The next thing you know, I’d heard on the news that Elizabeth had been chosen as the inaugural poet. And of course, my mind was blown. Though I was happy–ecstatic– for her, I gotta tell you, I was thinking, “Have I lost my mojo? Is it gone?”
Another tangent: you know, a poet has a hard time understanding, “It’s not always about me. The world does not spin on my jenky little axis every moment of the day. Forget about my mojo; let me celebrate the accomplishment of my dear friend and mentor.”
I’m a work in progress, y’all. And this story has a good ending. Just bear with me.
Anyway, I called Miss Lucille up again, and I said, “Miss Lucille, I just knew I was right. I’m sort of confused right now.”
And she said, “Well, Honi, your mojo is strong. But I’m thirty years older than you, and so my mojo is just a little bit stronger than yours. But yours will get there.”
I told you she was deep.
Another time—this was three years ago if I remember right—I was fussing on the phone to Miss Lucille about how I felt like people were ignoring my writing, poetry and fiction. Looking back, I want to slap myself upside the head for my arrogance. I was talking to Lucille Clifton, who at that time was in her late sixties. It took her thirty years of writing to win the National Book Award. She was nominated for the Pulitzer Prize twice, and never received it.
Let me say that again: Lucille Clifton never received the Pulitzer Prize in Poetry. To most American poets—black, white, and everything else—this is a travesty of the highest order.
And there I was, complaining to this lady, six years after my first book was published because I wasn’t making six figures and wasn’t full professor (like some of my friends) and I hadn’t won the Pulitzer. But even while I was complaining about what I didn’t have yet, I’d already won some awards and people were paying me pretty good money to come do readings. I was getting my piece of the poetry pie, but I couldn’t see that at the time.
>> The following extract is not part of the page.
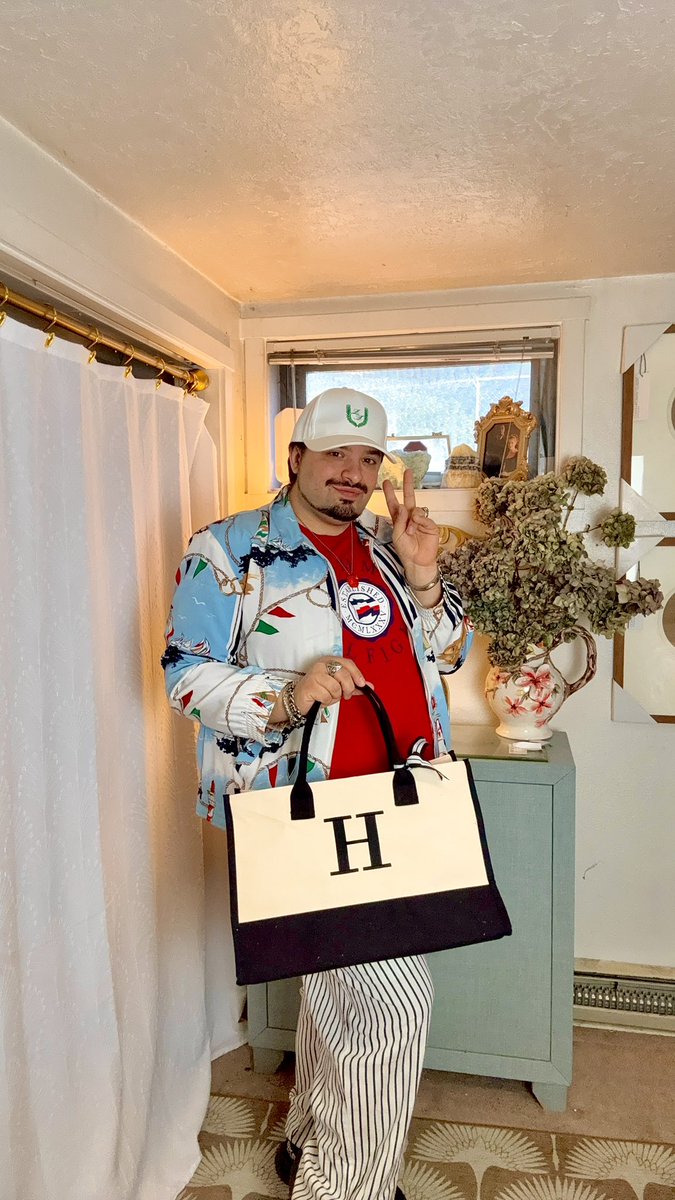 ChrisMH91's tweet image. Coast outfit - Come get ready with me, as I go to the Oregon Coast 🏖️⛱️🛥️. #fyp #foryou #chrishutchinson #chrismh91 #oregoncoast #comegetreadywithme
That day, Miss Lucille told me something I will never forget. She told me, I needed to stop focusing on money and the prizes and focus on the writing first, and that if I focused on the writing, I would be recognized eventually the way I wanted. She told me that I would be recognized not only as a poet, but also, as a fiction writer. She was nice with it, but she had a bit of steel in her voice that day, which wasn’t a usual thing for her.
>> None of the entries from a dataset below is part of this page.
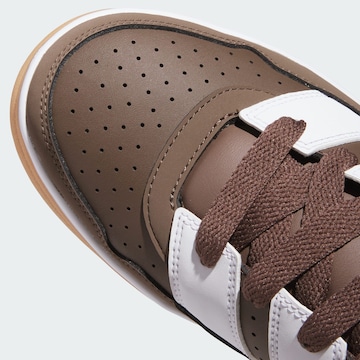 ADIDAS SPORTSWEAR Sneaker 'Turnaround' in Braun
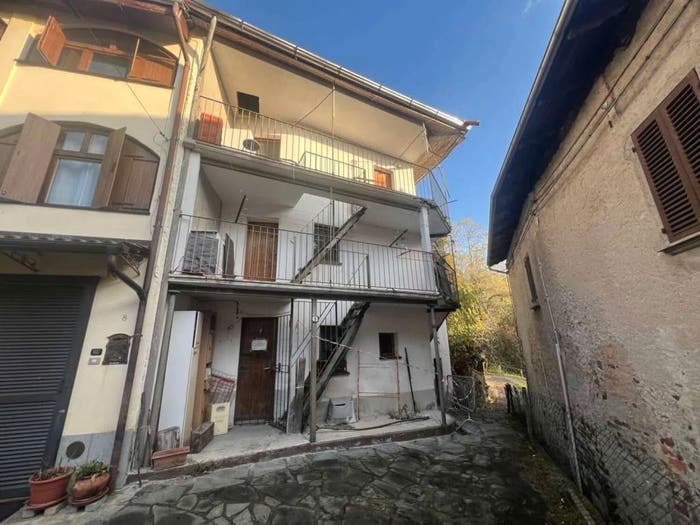 Casa quadrilocale in vendita in Via Maggio, Centro, Pray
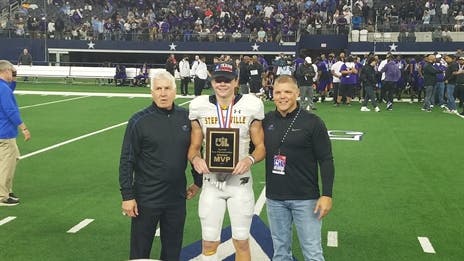 Stephenville's Eakin dazzles as LBJ turnovers doom title hopes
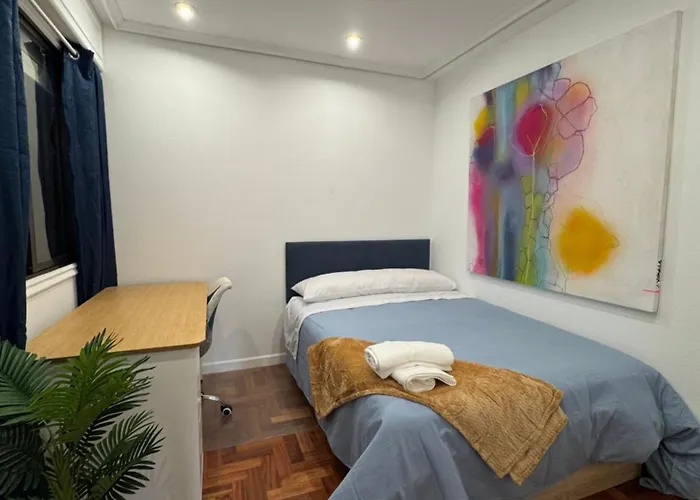 Plaza Espana 公寓 *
I’m confessing something else here: I didn’t believe Miss Lucille. I thought she was just trying to keep me together in a nice way. I really did.
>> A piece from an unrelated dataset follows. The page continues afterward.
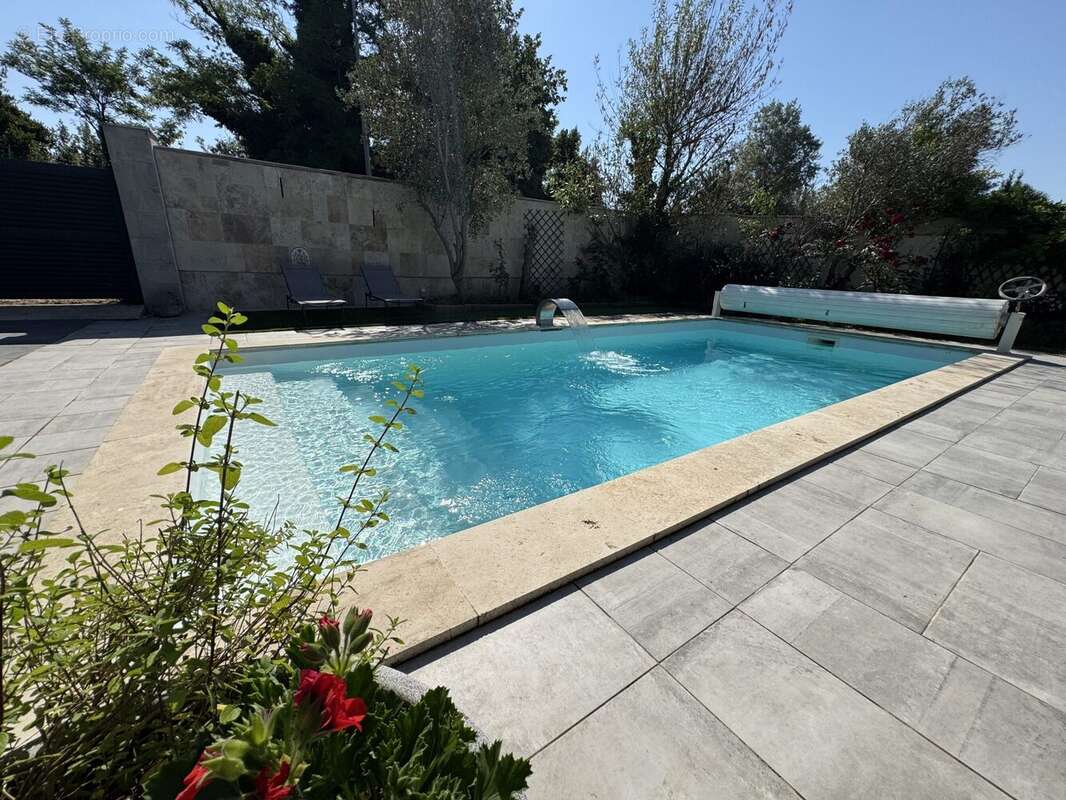 Maison à LE PONTET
It took two years for me to really understand what she meant about not worrying so much about worldly things—I had stopped caring about what my friends had that I didn’t have. Or, I did for the most part. We writers are full of ego, and yes, sometimes it stung when a friend was published in The New Yorker or won some $50,000 prize that I hadn’t or one of my friends was nominated for the National Book Award or one of my friends new book was coming out from a big press (and not a small university one).
I’m human and it stung, but the good news was, it stung only for a minute. The first time it stopped stinging all day long, I thought, “Don’t I feel about things strongly anymore?” The second time it happened, I knew I had just stopped investing needless energy in something I couldn’t control. And I stopped feeling eaten up with doubt about my talents and with jealousy.
I realized that I might not have what some people have, but I have more than most, and that it’s downright ugly to complain about what you don’t have when you have good things in your life. It’s just not right. So, I just got back to focusing on my own work and trying to make it better. And I am paying my bills, which is always a spectacular event for a single, black woman.
Fast forward a year.
A few days ago, I was traveling to attend Miss Lucille’s memorial service in Maryland. As I always do when I travel, I take along materials to write with. Miss Lucille told me a few years back that “you should always be open to the poem.” She said always carry something to write down your thoughts and words that come to you, and no matter when they come, stop and write them down.
I’ve remembered that over the years. Sometimes, when I am talking to somebody on the phone or in person, a string of words will enter my mind, and I will interrupt the person in mid-sentence and say, “Excuse me, I have to write this down.” Then, after I write it down, I apologize, because I do have a little bit of home training, despite some of the stories I’ve told you in this blog post.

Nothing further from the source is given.